● **Data section**
________
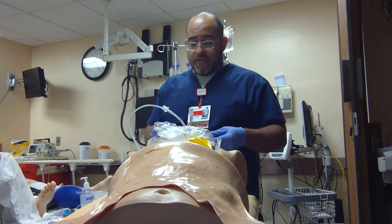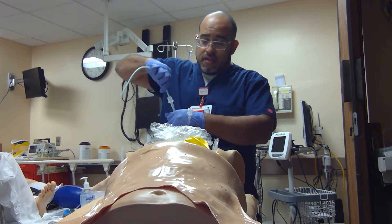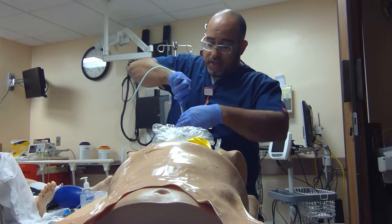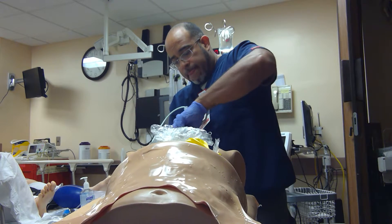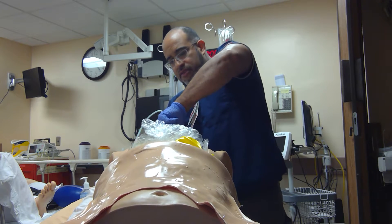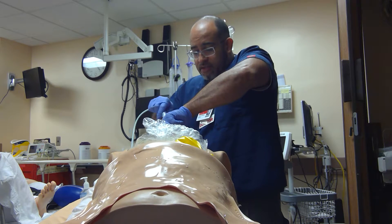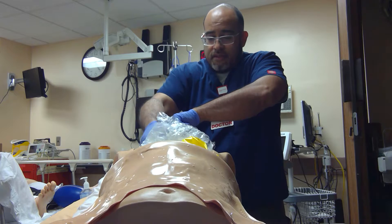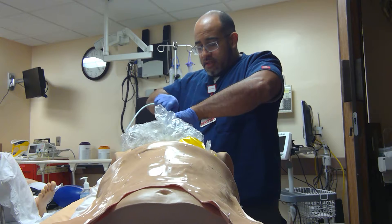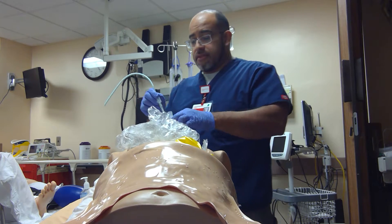I'm doing something crazy. Let's see if I can actually deflate this tube — I hope it doesn't dislodge. I'm going to go a little deeper so this tube can actually go deeper as well. It's such a tight fit. Oh my God. These are crazy MacGyver maneuvers — but it's not letting me pass.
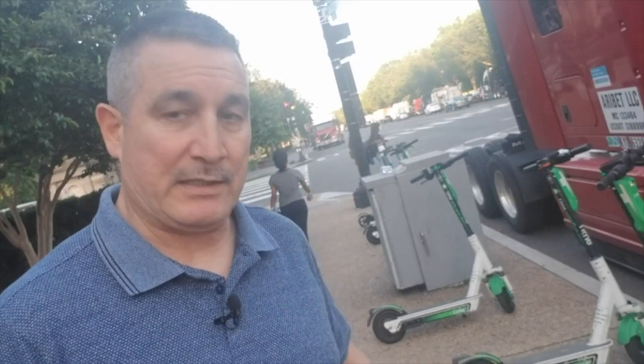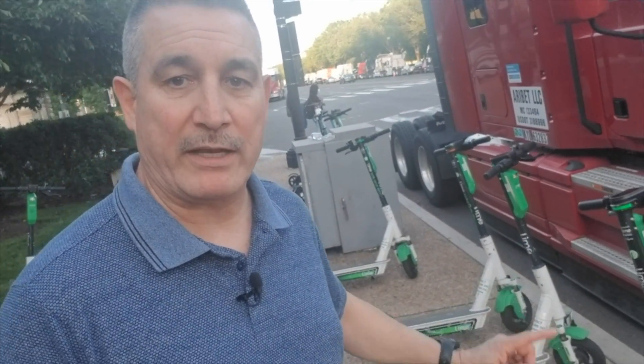I just did a Lime ride a little bit ago. I had to run back to my hotel and pick up some things, so I rode it up there and put it on pause. Evidently you pay while on pause as well. So I paused it, went up to the hotel room, got what I needed, came back down, jumped back on it, and rode it back here — for a total of 31 minutes.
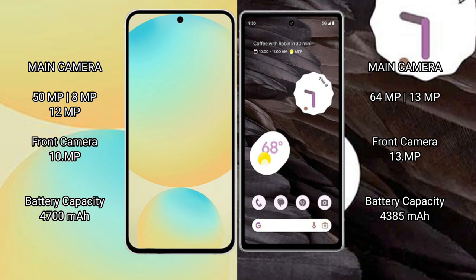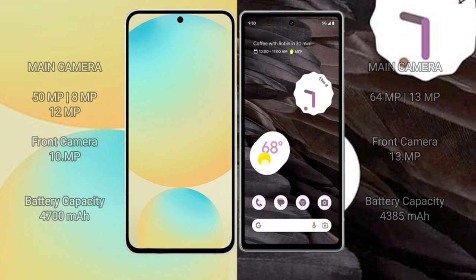The Samsung Galaxy S24 FE has a 4700mAh battery with 25W fast charging support. The Google Pixel 7a has a 4385mAh battery with 18W fast charging support.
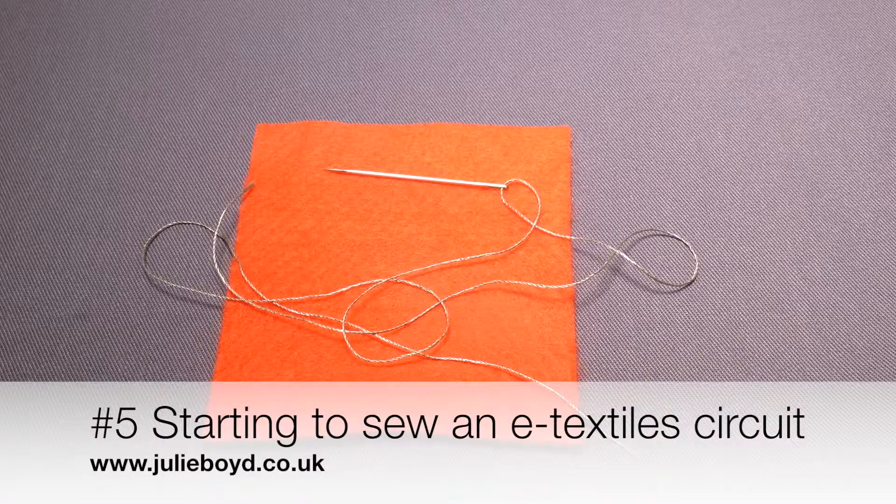My name is Julie Boyd and this is a tutorial on the things that you need to do when starting to sew an e-textile circuit.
________
● **Exercise**
From the material above, write out exactly the lines from the line with "The Samsung Galaxy" through the closing line, inclusive, and no pictures.

● **Response box**
The Samsung Galaxy S24 FE has a 4700mAh battery with 25W fast charging support. The Google Pixel 7a has a 4385mAh battery with 18W fast charging support.
My name is Julie Boyd and this is a tutorial on the things that you need to do when starting to sew an e-textile circuit.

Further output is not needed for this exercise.